Christy Turlington was born on January 2, 1969. Although her mother is Salvadoran she came to world in San Francisco, California.
When Christy was a little girl, she spent her summers in San Salvador with her sisters, horseback riding in the countryside and visiting her many cousins.
Although she did not grow up in a Spanish speaking household, Christy says that she is able to understand much of the language because of her grandmother.

Her career began when a photographer spotted her horseback riding near her Miami home at the age of 13 and sent her photos to a model agency. She waited until she finished school to turn pro. At the age of 16, Christy became a Ford model.

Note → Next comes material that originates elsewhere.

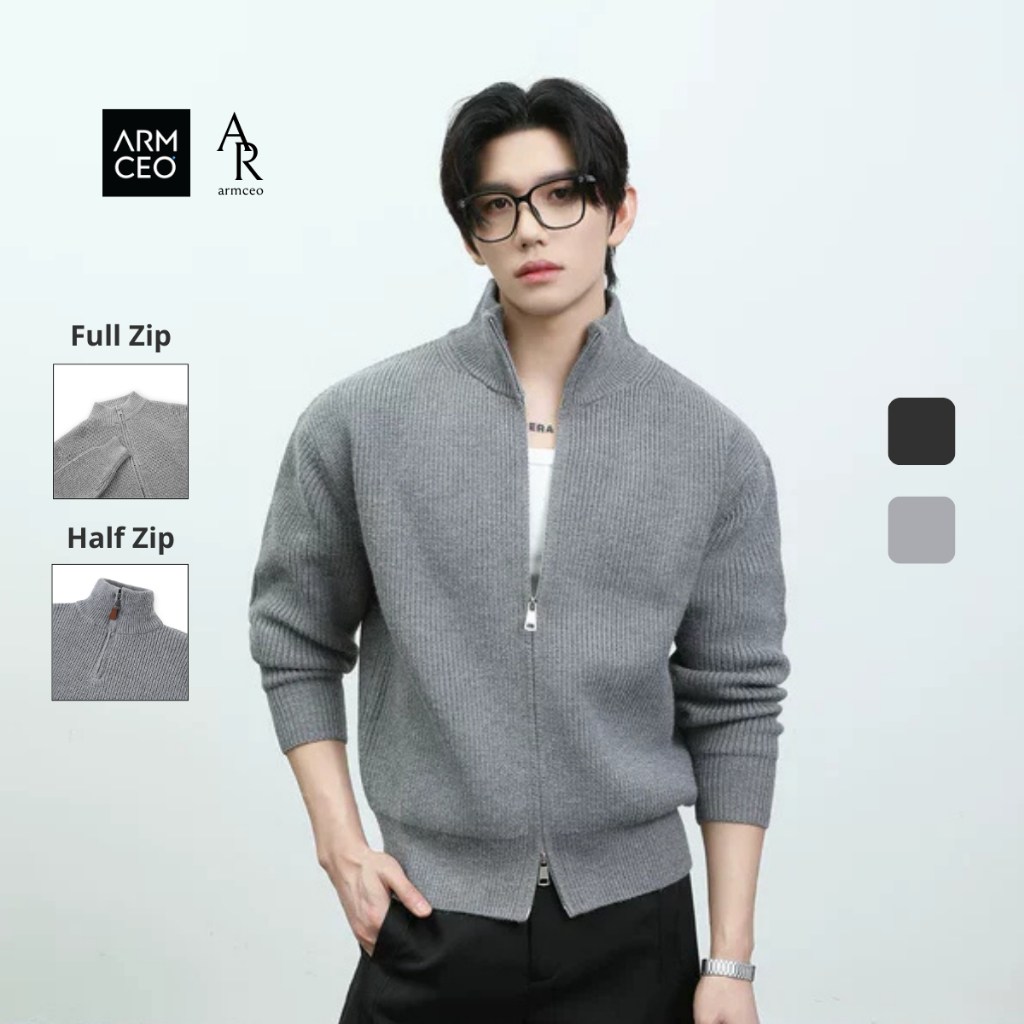 Áo khoác len dày dặn ARMCEO khóa zip 2 chiều & khóa da half zip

Her unique looks are a true combination of her mother's olive skin and her father's bone structure. Turlington's mother was a Salvadoran flight attendant and her father was an American pilot. With a face that is often compared to Audrey Hepburn's, She has done it all in her fourteen-year modeling career. Among her contracts are such giants as Maybelline (worth $3 million and she has to work 12 days each year for them) Calvin Klein and many more. She did modeling jobs for Versace, Peta and Shiseido (Christy´s no longer participating in prét-á-porter shows).

By now she is one of the top money makers in the modeling world. With an income of $23,7 each year she is the 8. best earning supermodel in the world. She has a apartment in New York City and Paris. She lives in the same New York City apartment as Cindy Crawford, Linda Evangelista and Winona Ryder. Perhaps the greatest honor bestowed on Turlington was not by a huge fashion conglomerate or even a famous fashion writer but by the New York Metropolitan Museum of Art. In 1993 their Costume Institute commissioned design house Pucci to create 120 mannequins with the same face - to be on display throughout the year in lush, historical, fashion exhibits. Of all the faces in the world, he chose Turlington's to cast in fiberglass.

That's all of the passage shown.